Riding the Gary Fisher

Riding the Gary Fisher

After a suitable mourning period, I began the process of putting my mountain bike life back together and started test riding bikes. I realized that in the 12 years since Gary and I met, a lot had changed in the mountain biking world. At the first shop it was abundantly clear to me that a 26” mountain bike was no longer the standard. There were so many choices out there. Did I want a 29er, or how about a 27.5” bike? And the brands–wow, they were never ending! To me, riding a mountain bike is an intimate experience, and choosing the right one deserves my utmost attention to detail. I test rode just about everything that I could find–Trek, Specialized, Giant…you name it! Nothing seemed to be the right fit for me.

One day, my husband suggested that we take a drive toward San Diego and find a shop to test ride a Santa Cruz. He had been riding a Heckler for a number of years and he couldn’t say enough about how much he loved it. Why not? Everything I’d ridden so far wasn’t working for me.
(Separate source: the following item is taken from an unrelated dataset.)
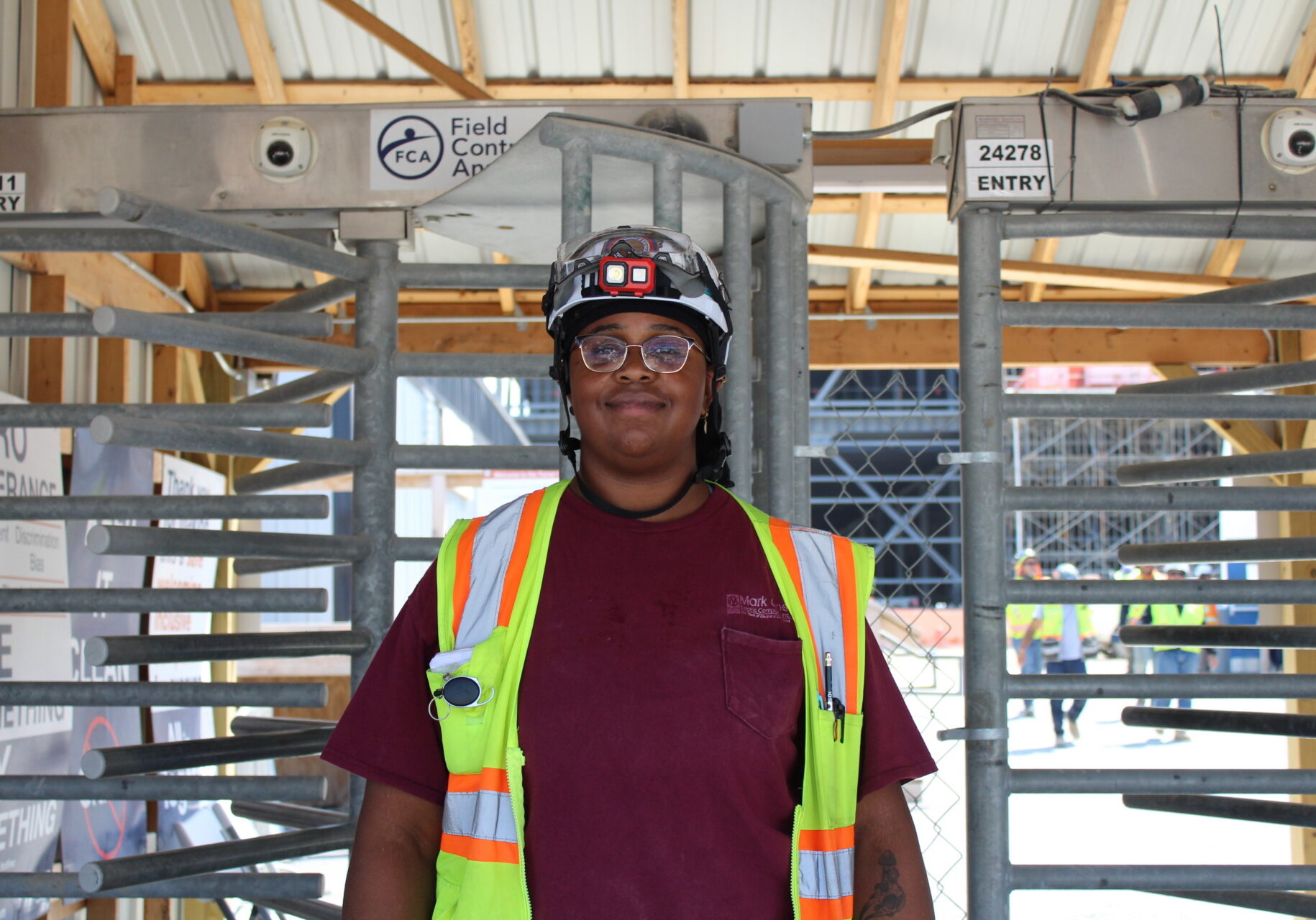 A woman wearing a dark red shirt stands in front of gray metal bars. The woman is wearing glasses, a bright yellow utility vest and a white hard hat.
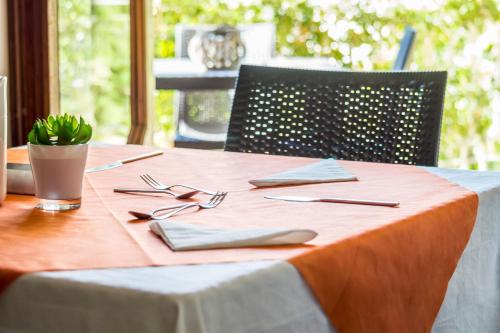 a table with a orange table cloth and utensils on it at Villa Lazzari B&B Tra i due Mari in Maglie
We stopped at a shop in Escondido, CA. You know that bright flash of light and that high pitched chime of angels’ chorus that everyone envisions they’ll experience when they get to heaven? Yep, I actually felt it when I walked into this bike shop. I had never seen so many mountain bikes crammed together, and all for sale in just one shop! They were even hanging from the rafters, as if they truly were descending from the great beyond!

The salesman that came up to help was extremely knowledgeable and had a laid back style. He was not pushy, but offered a lot of advice. The first of which was: “With all the changes in the industry, perhaps you may want to test ride a women’s mountain bike.” I’d been down this road before with many sales people. I attempted to explain to him that I was an avid mountain biker and not just the little lady taking her pretty in pink bicycle down the level bike path to get a froo froo latte at the local coffee shop. With a big grin on his face, he told me, “I have just the bike for you!”

Carol-Segundo

In a matter of seconds he had reached up to the rafters and pulled down a Juliana Segundo. After checking all of the vitals such as tire pressure and setting up the seat height and pedals to fit me, I rolled the Segundo out the back door for a test ride. Once I got on the bike, I had that weird sensation you get when trying on a new pair of shoes. It just didn’t feel the same, but I had to admit, it did feel kinda good. The 27.5″ wheels were somewhat larger than those on my 26″ Fisher, but it didn’t feel uncomfortable to me. The length of the top tube was noticeably shorter, which meant that my body was in a more upright position. The narrower handle bars placed my hands closer to my body than what I was accustomed to. That combination felt just plain weird. On the positive side, the Fox Float rear shock felt amazing from the first minute I put my full body weight on the bike. It had enough travel when I jumped off curbs and onto a couple of large boulders to provide an absolutely pleasant ride. Could it be possible that a suspension system could be both stiff and soft at the same time? I don’t know how, but this one sure felt that way. The Deore disc brakes were another nice addition to the package, and I could feel myself grinning with amazement at their quick and non-skid stopping power. I’ve always been a big fan of Shimano components, and so I was ecstatic to see that this bike had the SLX groupset.

It didn’t take me too long to figure out that the Juliana Segundo had ALL THREE of my requirements of performance, cool factor, and at a cost of $3,300, which was well within my price range.

So my love affair with mountain biking continues. My Gary Fisher will always hold a special place in my heart. But I can already feel my heartstrings singing every time I just look at my new Juliana. I’m looking forward to many years of pure joy with her.

Carol Ellsworth is an avid cyclist who enjoys all forms of cycling, whether it’s long distance road riding, mountain biking, or a leisurely pedal on a beach cruiser. She resides near Temecula, California.